To verify the certificate has been installed correctly launch Caddy using its bin/startup.[sh|bat] script, and open in browser the URL
https://localhost:8888/health. Adjust the port number according to your configuration. In the browser you can easily inspect the certificate information.
Caddy configuration
This is a simplified version of the Caddy server integration into the Automatic Data Lineage product. For detailed configuration of Caddy itself consult the official documentation on caddyserver.com.
Simplified configuration
Caddy uses the global configuration file
${installdir}/conf/manta.properties . In this file you can also configure the Caddy ports.

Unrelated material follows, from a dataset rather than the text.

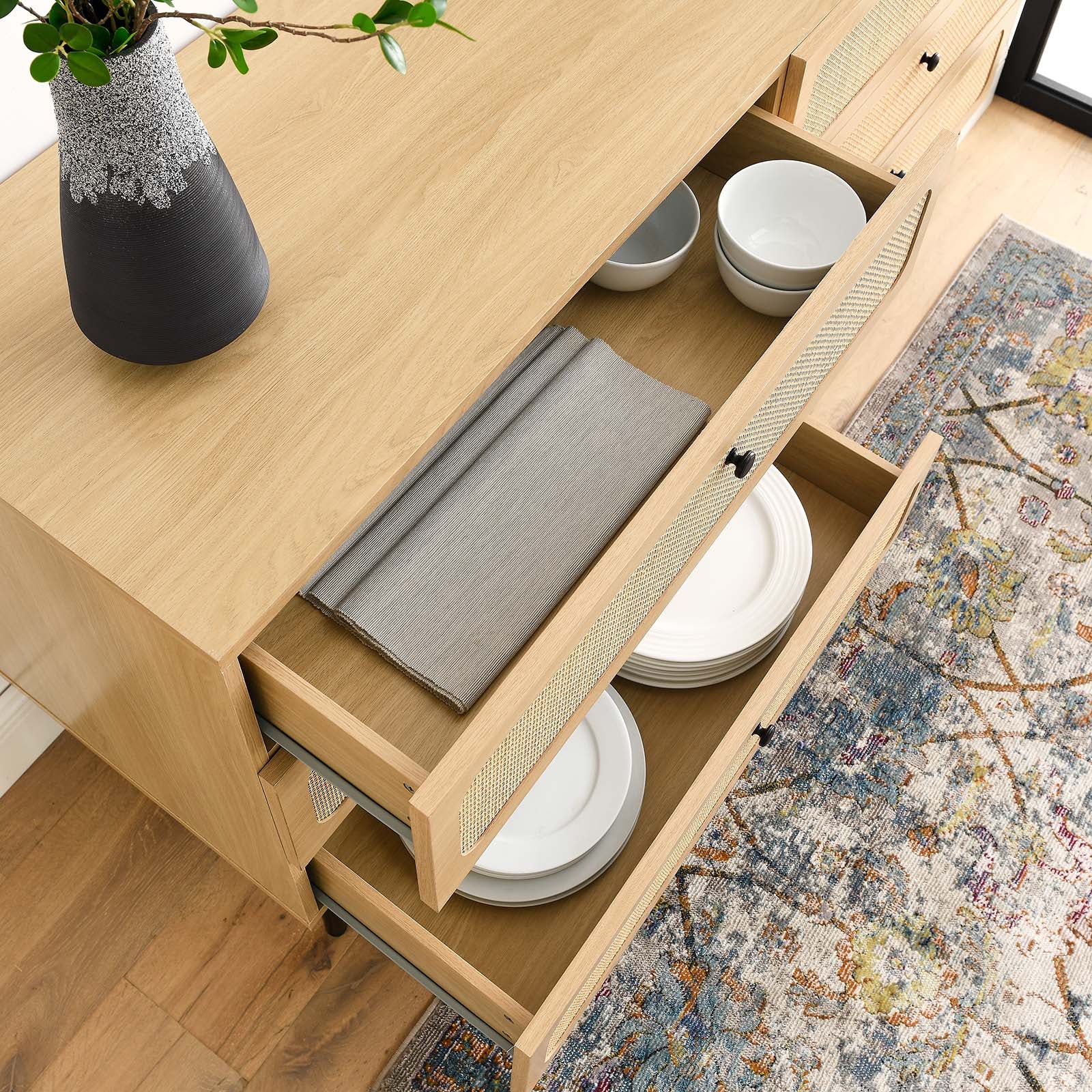 Chaucer 6-Drawer Dresser By Modway - MOD-7067 - Image 15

The values from this configuration file are inject into the actual Caddy configuration file, located in
conf/Caddyfile. This configuration file contains the actual configuration documented on
https://caddyserver.com/docs/caddyfile. This file uses placeholders that are replaced from variables setup in the environment. Those variables are set in setenv_manta.{sh|bat} script, and injected into the environment via the startup script.

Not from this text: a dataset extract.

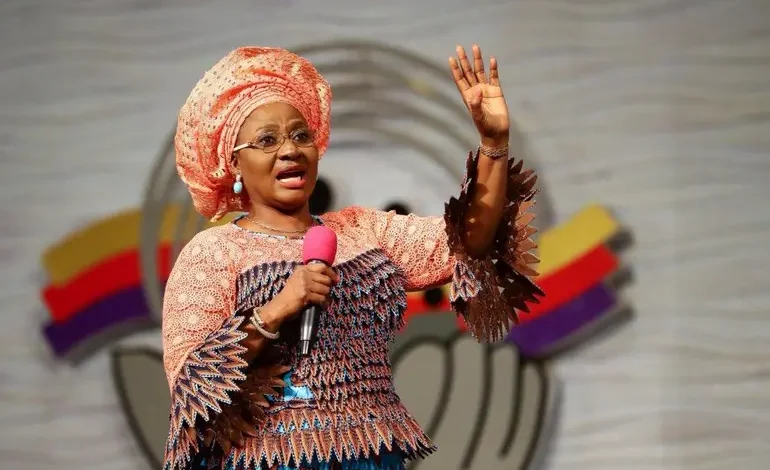 Pastor Sarah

Integration into Automatic Data Lineage
Caddy is part of every installation. By default, the Caddy will only be configured, but it will not be enabled.
In following example replace the placeholder ${installdir} with absolute path to the Manta installation directory. Usually
/opt/mantaflow or C:\mantaflow depending on the OS.
Enabling
-
Shutdown Automatic Data Lineage using Manta Launcher
-
Navigate to
${installdir}/utility/ -
Run command
java -jar manta-installer-dep-caddy.jar -m ENABLE -r ${installdir} -
Start Automatic Data Lineage using Launcher
Caddy is integrated into the Manta Launcher, and you can see its status in the Launcher dashboard.
Disabling
-
Shutdown Automatic Data Lineageusing Manta Launcher
-
Navigate to
${installdir}/utility/ -
Run command
java -jar manta-installer-dep-caddy.jar -m DISABLE -r ${installdir} -
Start Automatic Data Lineage using Manta Launcher
Caddy is integrated into the Manta Launcher, and you can see its status in the Launcher dashboard.
Caddy accessible domains
As of R42.4, it is possible to specify which domains should Caddy be listening on and responding to. By default, Caddy listens on the system hostname provided during installation (manta.system.hostname property in <installDir>/conf/manta.properties)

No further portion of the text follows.